* WHAT THE TASK ASKS *
Pictures stay out; print the rest of the listing below exactly as it stands.

* AVAILABLE DATA *
◆ ◆ ◆ ◆ ◆

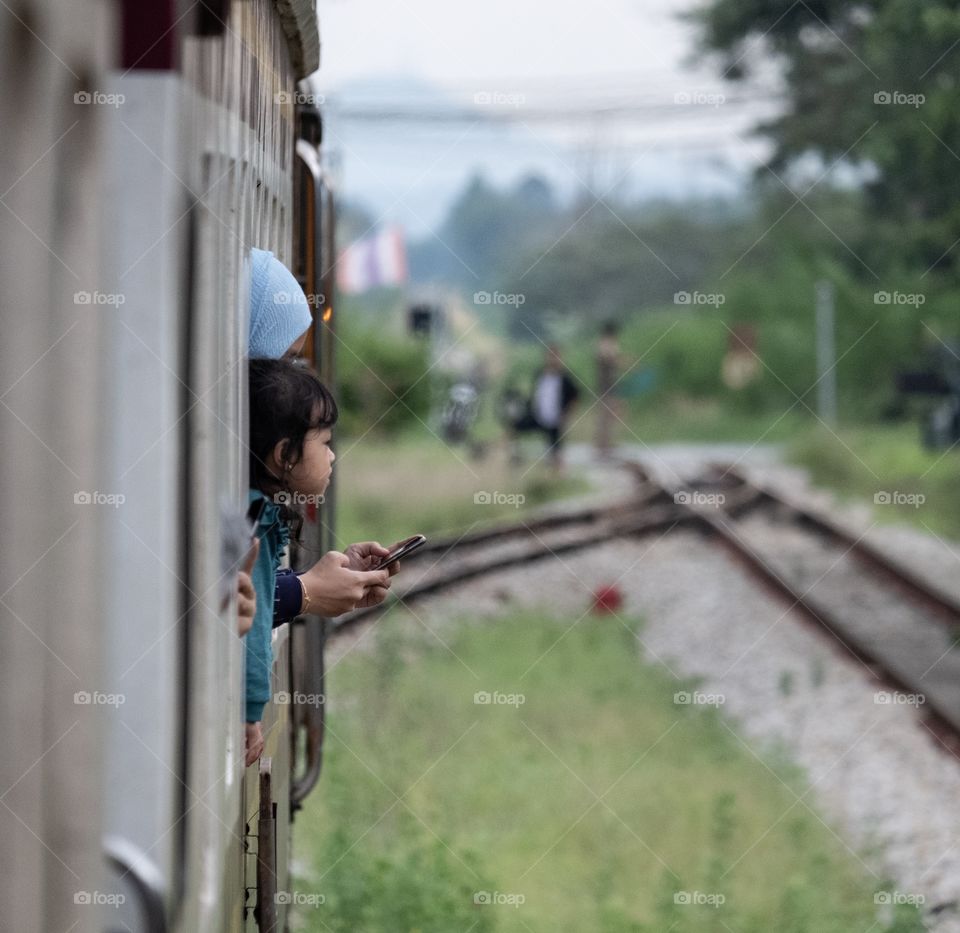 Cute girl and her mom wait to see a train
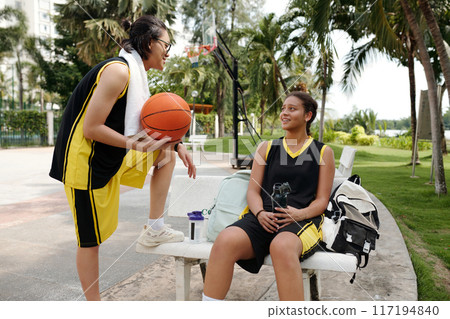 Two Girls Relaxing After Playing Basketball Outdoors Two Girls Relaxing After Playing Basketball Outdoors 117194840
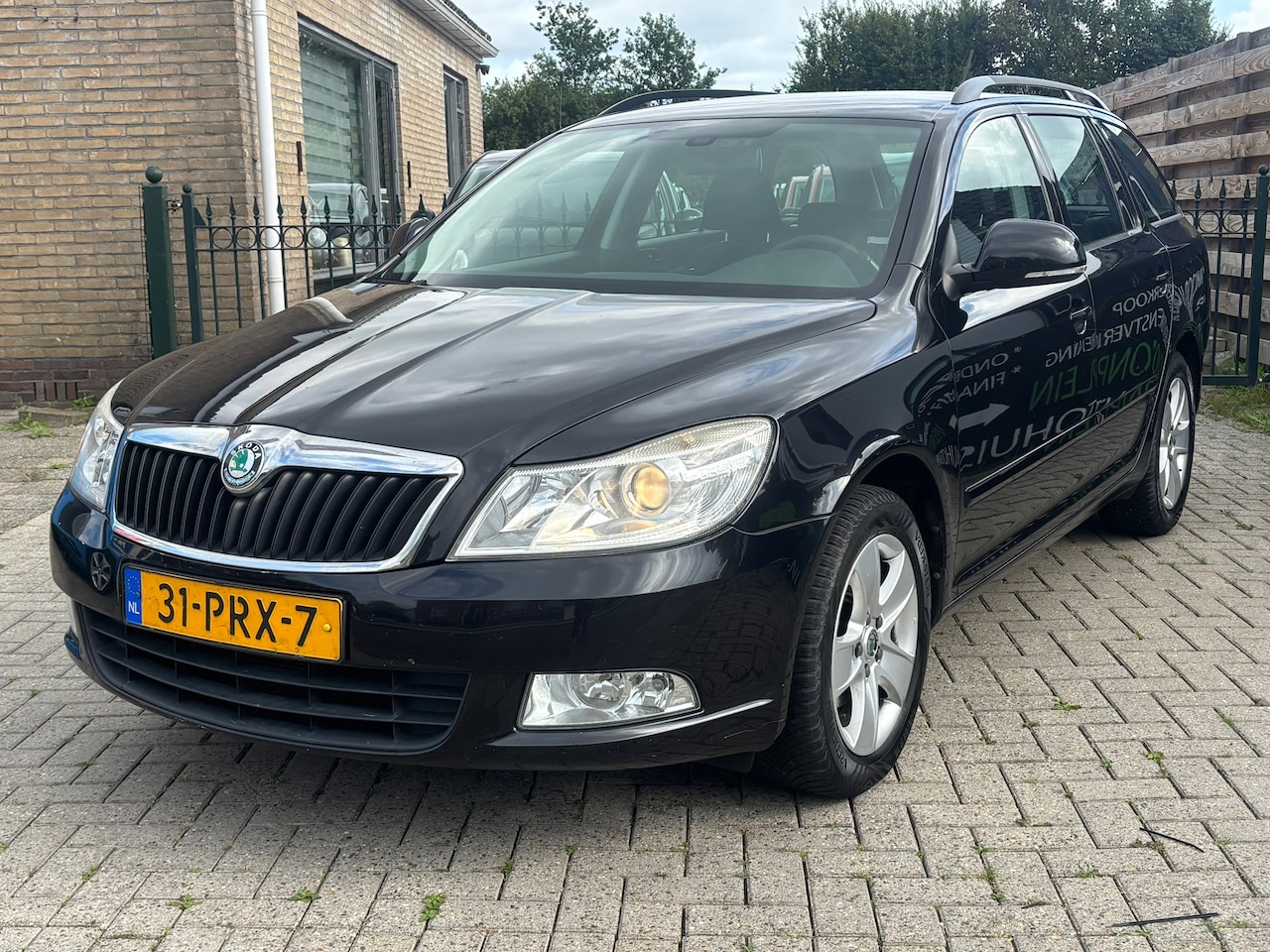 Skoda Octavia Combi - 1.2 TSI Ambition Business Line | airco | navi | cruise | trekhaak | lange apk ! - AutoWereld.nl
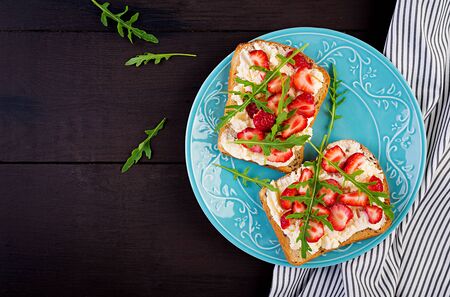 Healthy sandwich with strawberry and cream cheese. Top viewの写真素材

◆ ◆ ◆ ◆ ◆

* RESPONSE TO THIS EXERCISE *
 Cute girl and her mom wait to see a train
 Two Girls Relaxing After Playing Basketball Outdoors Two Girls Relaxing After Playing Basketball Outdoors 117194840
 Skoda Octavia Combi - 1.2 TSI Ambition Business Line | airco | navi | cruise | trekhaak | lange apk ! - AutoWereld.nl
 Healthy sandwich with strawberry and cream cheese. Top viewの写真素材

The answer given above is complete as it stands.